InformAction Forums

Can NoScript block any website from silently adding unnecessary frames/iframes (even more evil, invisible frames/iframes) when I leave the website?

A famous example would be to browse about.com. For example: http://pcworld.about.com/od/softwareser ... e-Tool.htm
Click on any external link of this page. A big top frame will be added even if you are browsing other websites.
It doesn't help at all even if you enabled Forbid FRAME.
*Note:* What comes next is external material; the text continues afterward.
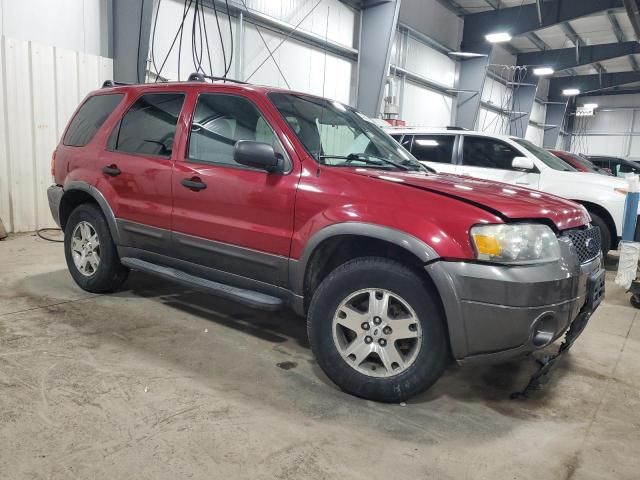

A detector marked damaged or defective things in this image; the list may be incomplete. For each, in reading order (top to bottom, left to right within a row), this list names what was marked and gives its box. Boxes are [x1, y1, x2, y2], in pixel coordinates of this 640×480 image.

crumpled hood [356, 170, 592, 232]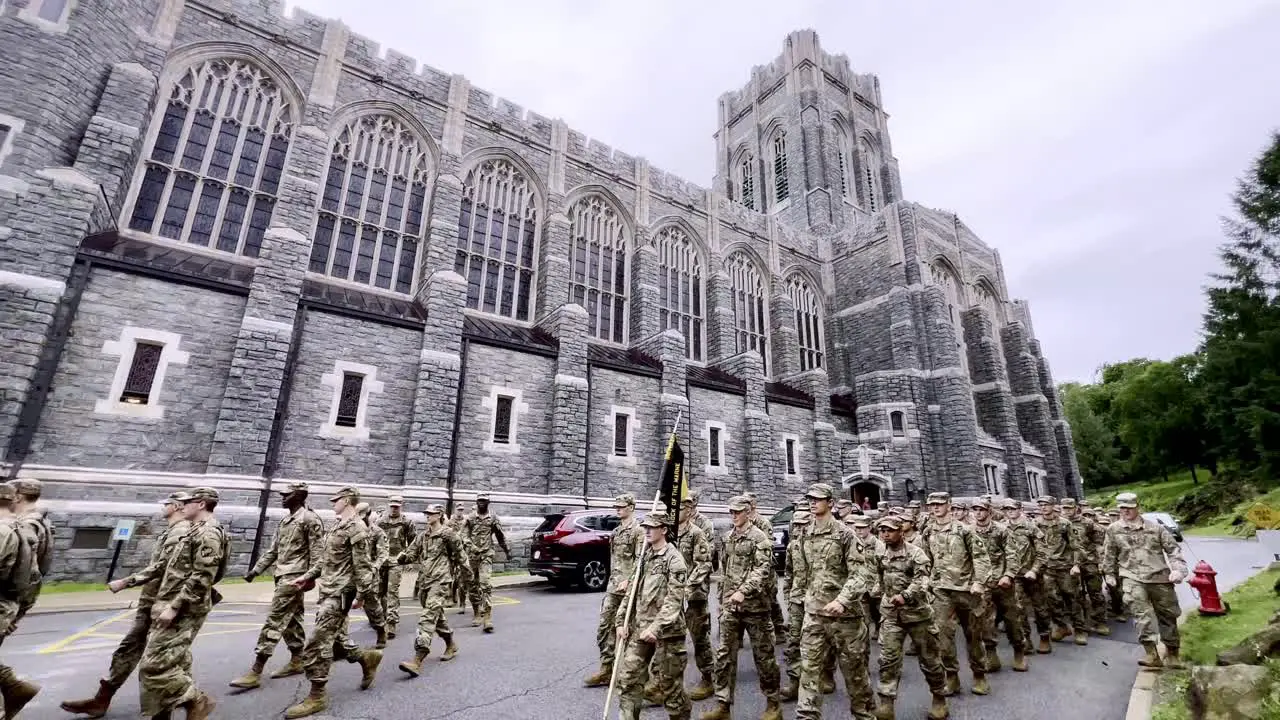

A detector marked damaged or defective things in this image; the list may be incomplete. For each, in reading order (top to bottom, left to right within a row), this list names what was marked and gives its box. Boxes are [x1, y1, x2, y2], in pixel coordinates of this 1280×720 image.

pavement crack [424, 661, 593, 712]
I realize it offers an option to remove the frame, but a bad guy who want to spy you can use the same trick to add an invisible frame with no option of removal.
Is there anything NoScript can do to block a website from adding FRAME or IFRAME when I'm leaving its website?

Confirmed FRAMES not blocked in 3.0.12 as well as 3.5.1
Perhaps Giorgio recognises this form of complicated "keep the customer in the shop as long as you can" scripting as benign?
The about.com people don't want you to go if FRAMES are forbidden: pfft. I just noticed it's a NYTimes site. I'm not a fan of their use of active content.
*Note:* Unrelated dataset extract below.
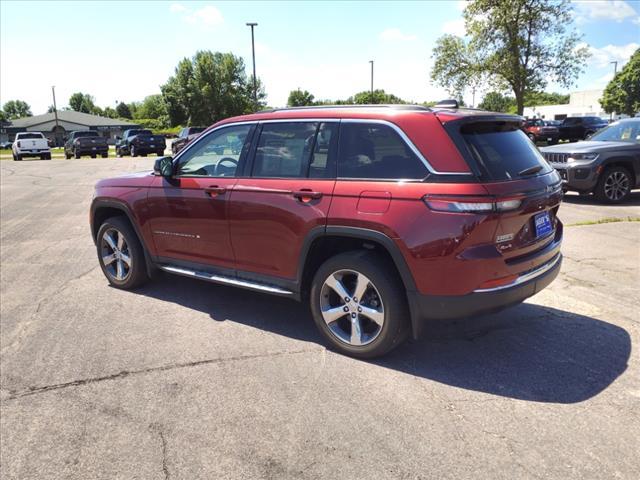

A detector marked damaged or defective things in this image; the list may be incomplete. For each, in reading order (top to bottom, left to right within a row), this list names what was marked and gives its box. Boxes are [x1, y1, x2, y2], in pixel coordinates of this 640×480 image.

parking lot crack [1, 344, 318, 402]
It's been fixed yesterday in latest development build 1.9.7.3

Testing with 1.9.7.3 and the frames are still happening - reset to all defaults, then forbid <FRAMES> :?:

What do you mean by "happening"? Aren't they blocked with placeholder?

Sorry, poor choice of word.
The frames are not being blocked. No placeholder shows, and the content is getting fully displayed - that is both the about.com top frame, including the "turn off this frame" notice, as well as the third party page.

Going to check with 3.5.1. again in XP

Same bug in XP. 1.9.7.3
FRAMES still not blocked.

Really weird. It's working fine for me. Does it happen on a clean profile?

Doing all this support thread with a clean profile. Easier :-)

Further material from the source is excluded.